Mumbai: Gold is likely to hold steady-to-firm in 2013 and could reach Rs 33,000-level as economic growth prospects improve and certain international factors push up the commodity’s price, market experts have said.
In the long term, gold looks firm with most central banks pushing liquidity into the markets and increasing their loading of the yellow metal, Kotak Commodity Services analyst Madhavi Mehta said.
The central banks of Brazil and Russia are reportedly planning to increase their gold holding next year, she said.
“We expect gold to rule at Rs 28,000-33,000 level in the domestic market in 2013. However, stabilising rupee, which may come to 50 level, and fiscal cliff concerns may act bearish for gold,” she said.
Expectations of the economy improving and foreign institutional investors (FIIs) providing momentum in equity markets are also likely to support gold, she said.
Globally, the yellow metal may rule at $1,550-1,850 an ounce (31.10 grams) level, she said.
Gold prices last week closed at Rs 30,600 per 10 grams in the domestic market, while in the global markets it was at $1,658 an ounce.
With a fair bit of correction already taken place in December due to year-end profit booking, Mehta said, in near term gold is likely to rule at Rs 29,800-Rs 31,500 range.

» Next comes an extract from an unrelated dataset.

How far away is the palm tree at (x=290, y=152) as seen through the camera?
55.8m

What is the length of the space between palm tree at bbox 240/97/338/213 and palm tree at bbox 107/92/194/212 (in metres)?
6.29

“Amid the US fiscal cliff situation the market is expecting the US government to reach at least a partial deal, which will bring in a positive market sentiment that will be positive for gold. Therefore, we expect gold price to recover in January 2013,” she added.
Echoing a similar view, Commtrendz Research Director Gnanasekar Thiagarajan said the market is waiting for a very long time for resolution on the US fiscal cliff issue.
Gold is likely to reach even Rs 33,000-34,000 levels in the long run in the domestic market, he said.
“The movement in gold price will mainly depend on where the fiscal cliff agreement reaches. If the agreement is in line with the market expectations, the price will pick up, but will subsequently come down and if the conclusion is not in line with the expectation, the gold price will fall with other assets,” he said.
In the short term, the yellow metal may come down to $1,565 and rally up to $1,900 overseas and at Rs 28,500-Rs 31,500 in the domestic markets, he added.
Angel Broking Associate Director (Commodities and Currencies) Naveen Mathur said gold price in short term would be stable at Rs 30,500-Rs 31,000 range as the rupee appreciates against the US dollar.
In the international markets, gold is likely to rule at $1,650-1,700 an ounce, he added.
“Appreciating rupee will mainly keep the gold prices under check in the domestic markets,” he said.
The current situation is like a stalemate, as everything depends on the US fiscal cliff resolution.